EXERCISE GOAL -
Could you repeat exactly the lines from the one containing "Клапан отсечки топлива" through the last line of the records, with no pictures?

Short descriptive text snippets
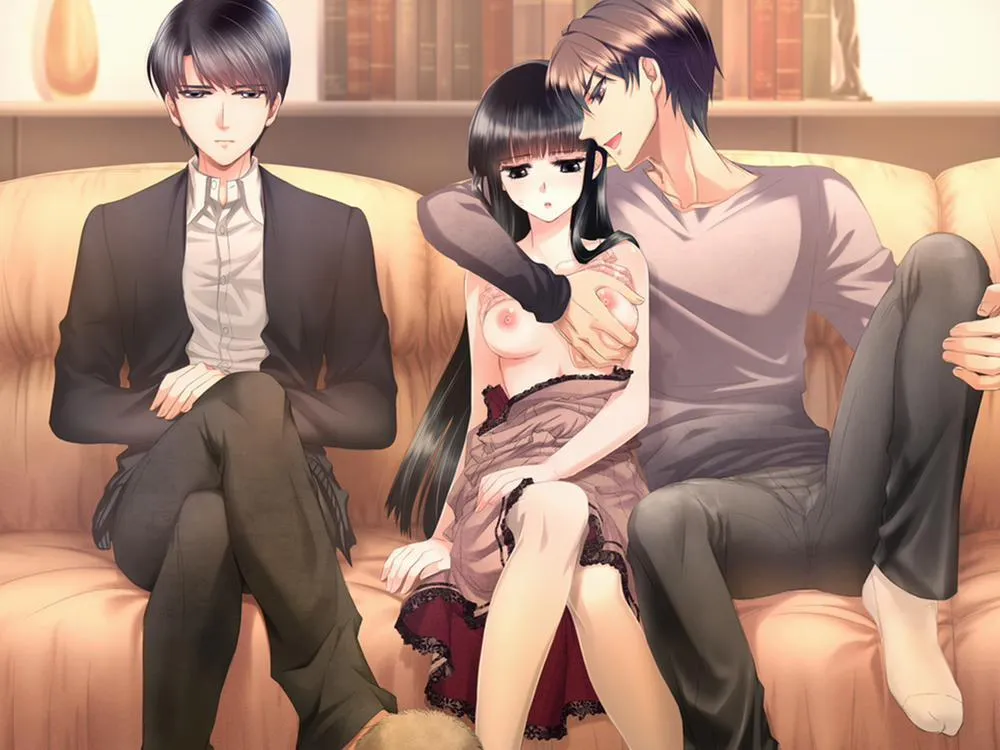HentaiVN.net - Ảnh 134 - Torikago no Marriage - Chap 1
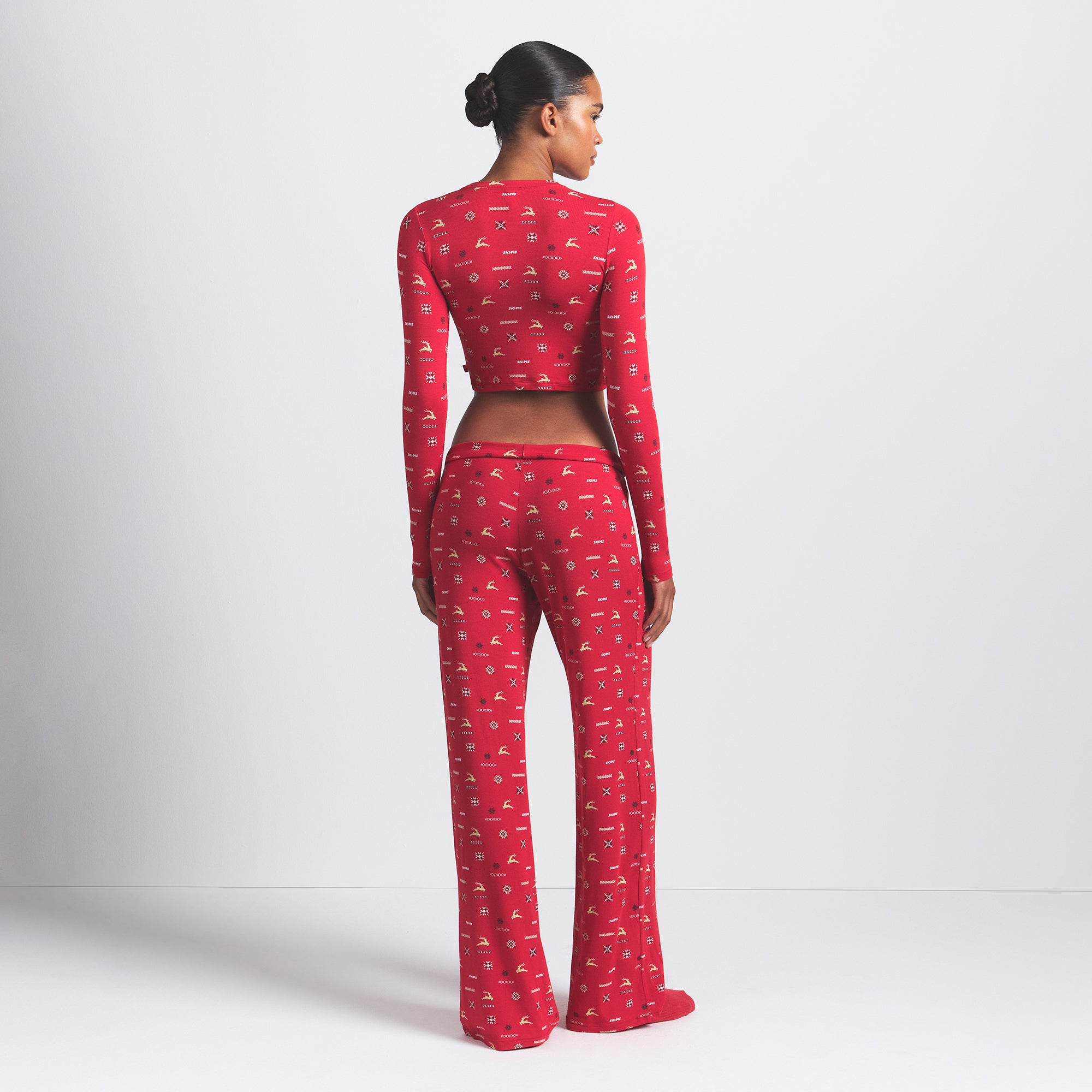 SUPER CROPPED LONG SLEEVE - Image 4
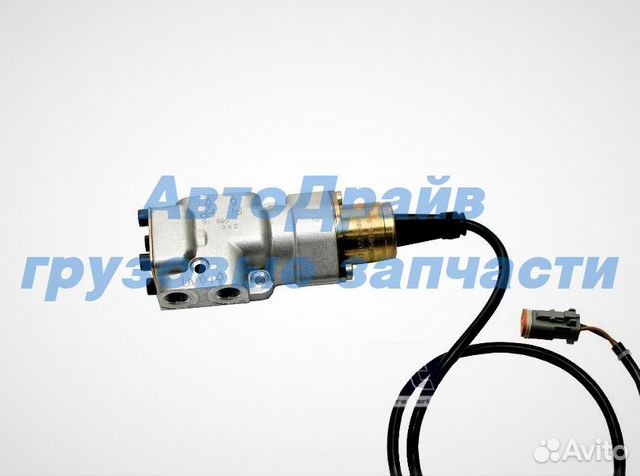 Клапан отсечки топлива на тнвд 1517716 скания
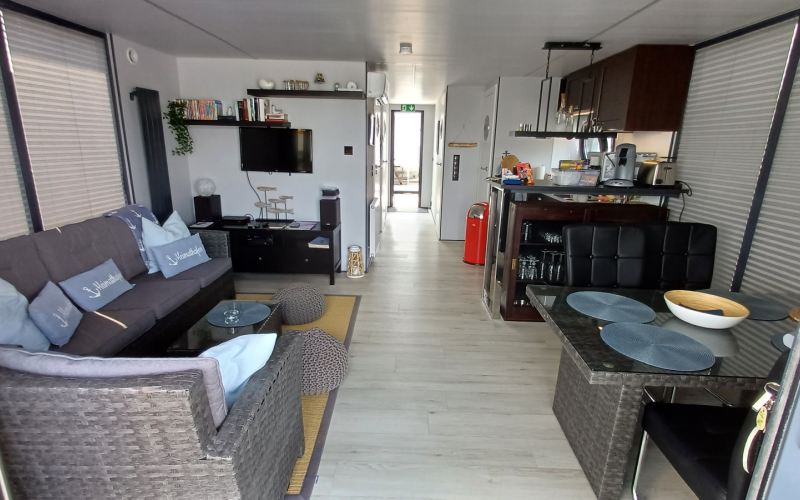 Hausboot Hausboot Sonja Bild 5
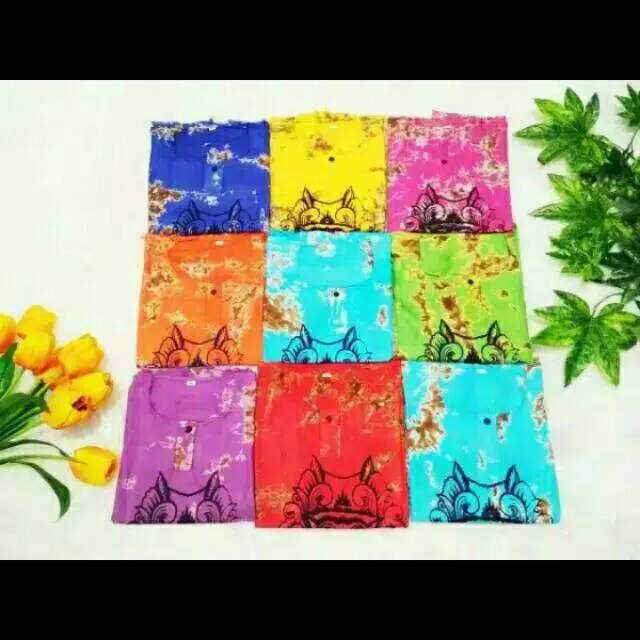 KAOS SETELAN PANTAI ANAK ANAK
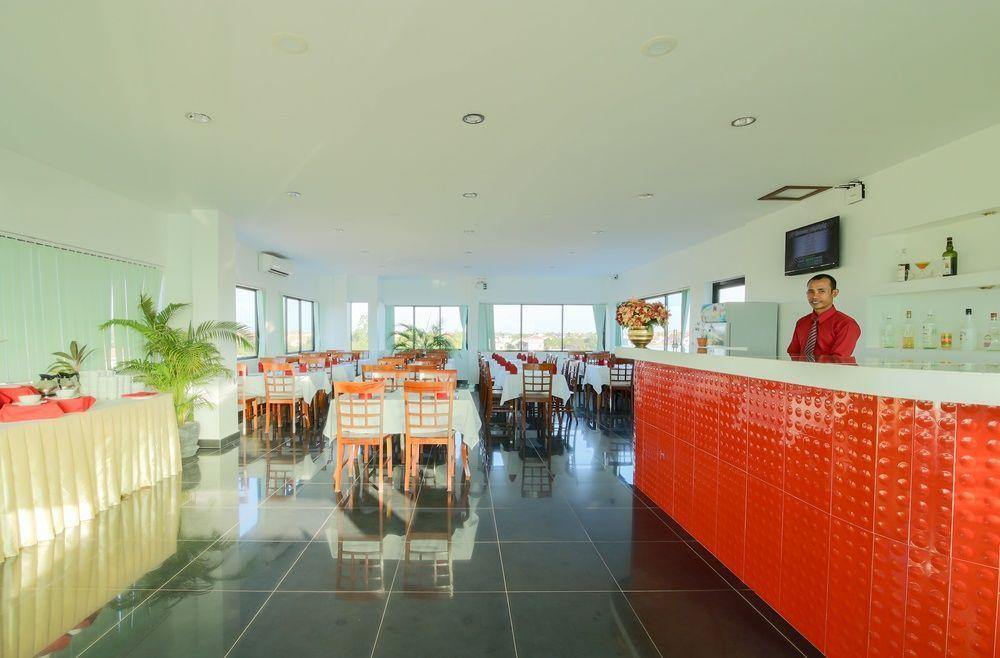 Md Boutique Hotel Ciudad de Siem Riep Exterior foto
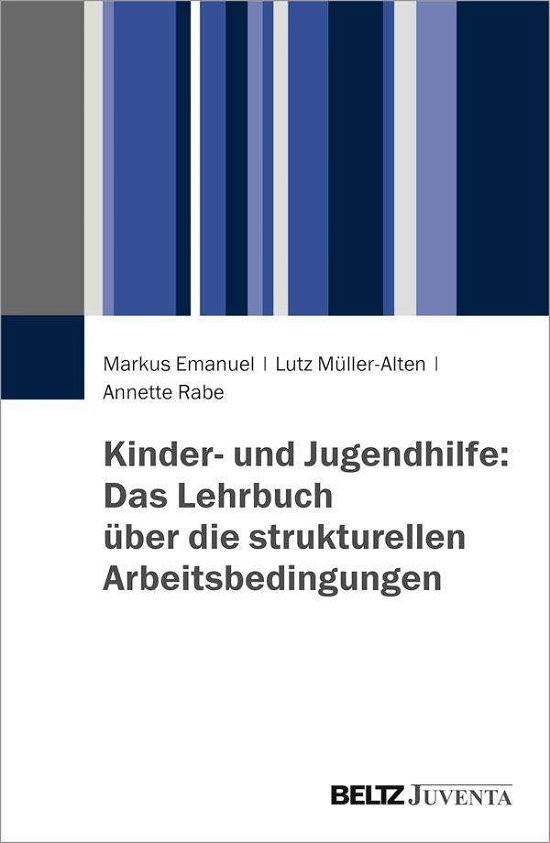Cover for Emanuel · Kinder- und Jugendhilfe: Das Le (Bog)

WRITTEN RESPONSE -
 Клапан отсечки топлива на тнвд 1517716 скания
 Hausboot Hausboot Sonja Bild 5
 KAOS SETELAN PANTAI ANAK ANAK
 Md Boutique Hotel Ciudad de Siem Riep Exterior foto
Cover for Emanuel · Kinder- und Jugendhilfe: Das Le (Bog)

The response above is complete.